The sandstone boulders of Font offer a huge variety of features: slopers, crimps, roofs, high-balls, rounded mantles, dynos, aretes, slabs, compression problems and pretty much anything else you can think of. If you can't find a problem in Font that's your style then maybe bouldering's not for you.
Sandstone by it's nature is very susceptible to erosion so make sure you clean your shoes before stepping on to the rock and don't climb on wet or even damp rock.
...take your pick
You are spoilt for choice with number of different bouldering areas in Font, all offering slightly different experiences. Most guidebooks will highlight which areas are best in the sun, after rain, with children, good for high-balling etc. They all tend to have good and often sandy landings and walk-ins to the boulders are never usually more than 20 mins with many literally within sight of the car park.
During holidays and at the weekends the more popular areas like Bas Cuvier and Roche aux Sabots can be busy so if you're there for a week or more it's best to leave these areas to mid-week.
...just a guide
Grades are just a guide so try not to get too hung up on them. Some think that grades in Font are stiff but once you're into the style and movement of the climbing and get a problem in good conditions it should hopefully all come together. If not, just remember a certain Mr Ondra fell off La Marie Rose in Cuvier graded f6A!
Chalk or Pof
This is still a highly debated topic without a definitive answer although outside of France the general consensus is a very clear: don't use pof, use chalk.

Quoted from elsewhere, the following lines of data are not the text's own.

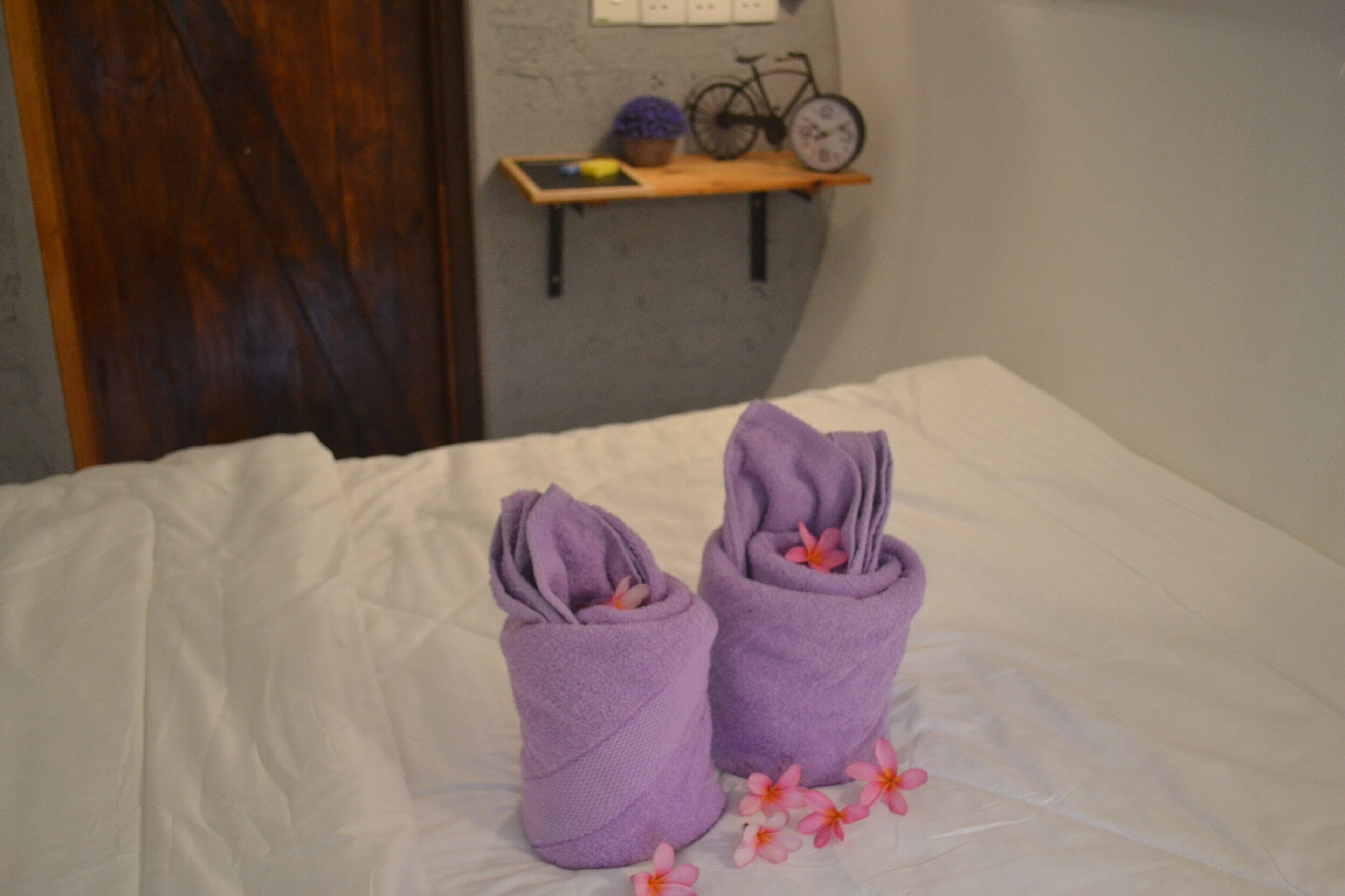 Mango's Park Port Dickson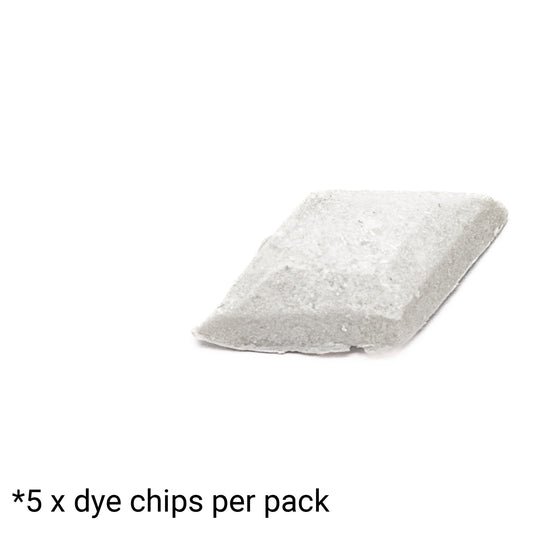 Candle Dye White Pack - to colour 2kg - Default Title (CANDYEWHITE)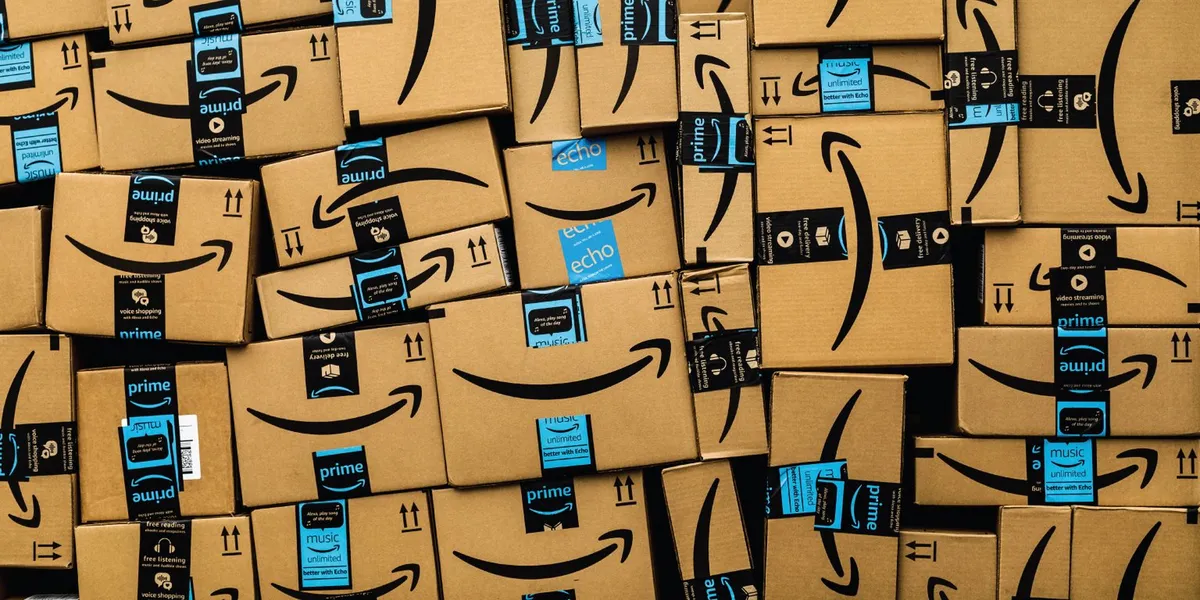 Roberto zaltieri pacchi amazon: Roberto Zaltieri e il business dei pacchi Amazon: come funziona?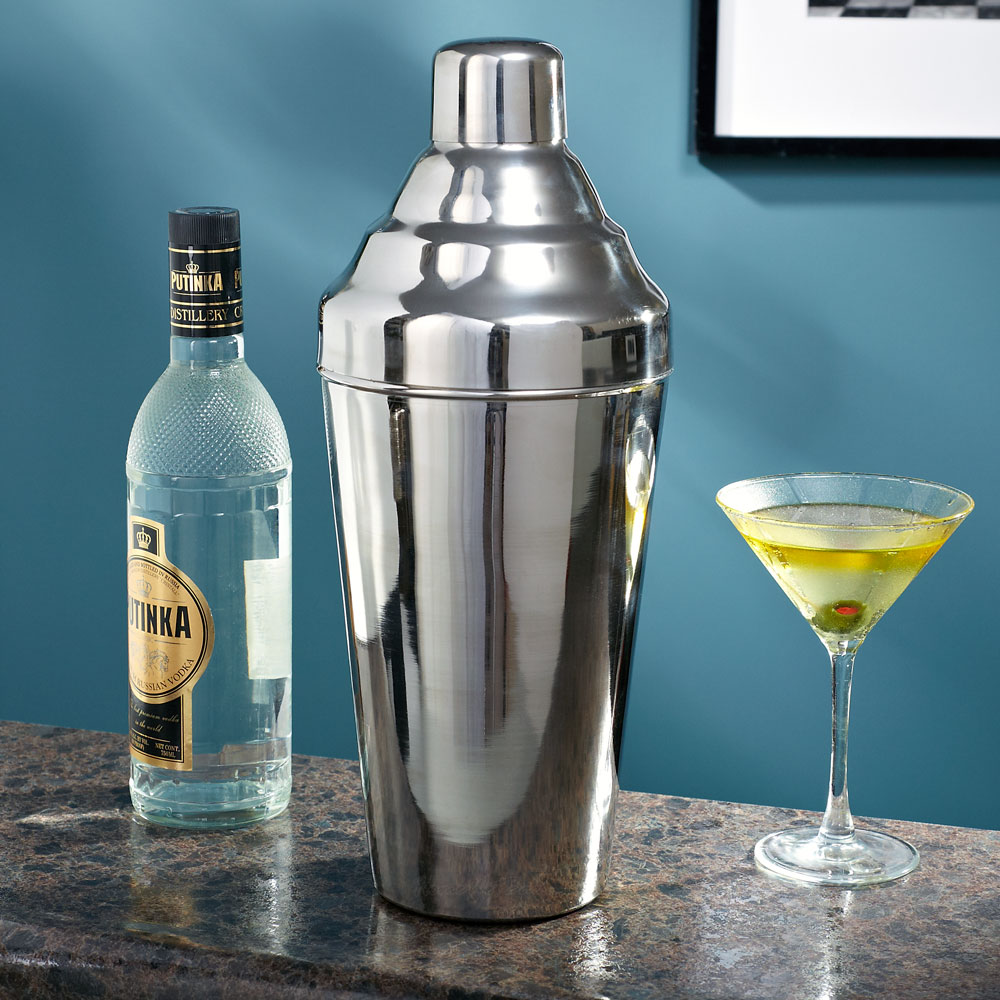 Bar-Accessories-Cocktail-Shaker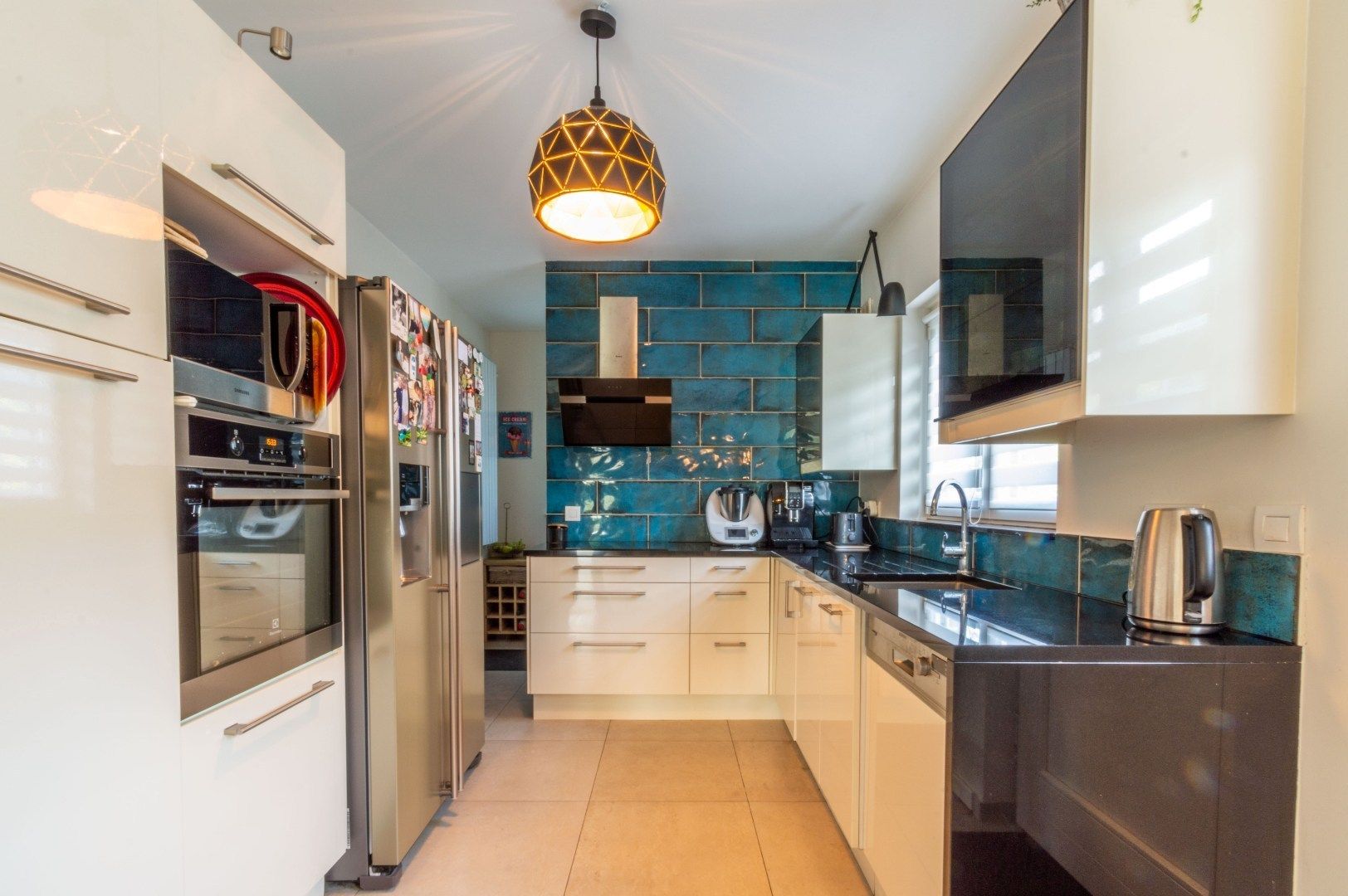 RUIME, INTEGRAAL VERNIEUWDE VILLA ! foto 9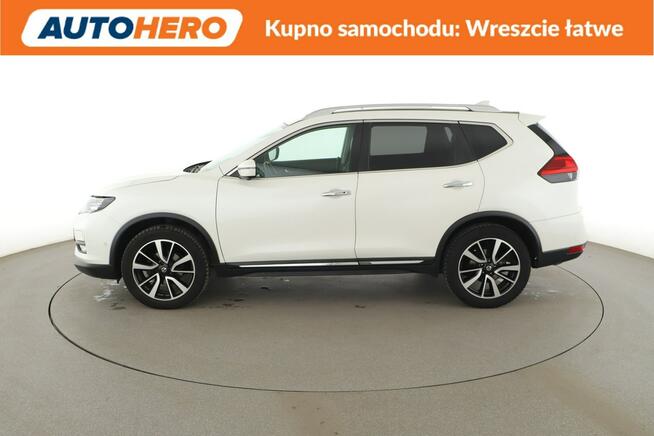 Nissan X-Trail 2018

Pof is dried pine tree resin that is wrapped in a cloth and then used to smack the holds which leaves a sticky residue on the rock therefore making the rock grippier. The problem with it is that the transferred resin hardens, builds up and becomes glassy meaning the only real solution is to add more pof. A fair number of French climbers (particularly older ones) still use pof in Font and its use is still advocated by a number of French climbing websites and organisations so I'm sure this debate will carry on for some time.
Look after it
...goes without saying
Like any bouldering venue it's up to climbers to look after it and ensure it remains for future generations. Here's a few simple rules to follow: no chipping; no fires; avoid excessive use of chalk and brush off tick marks; leave nothing behind when you leave; no camping in the forest; don't climb on wet sandstone; and clean your feet before you step onto a problem.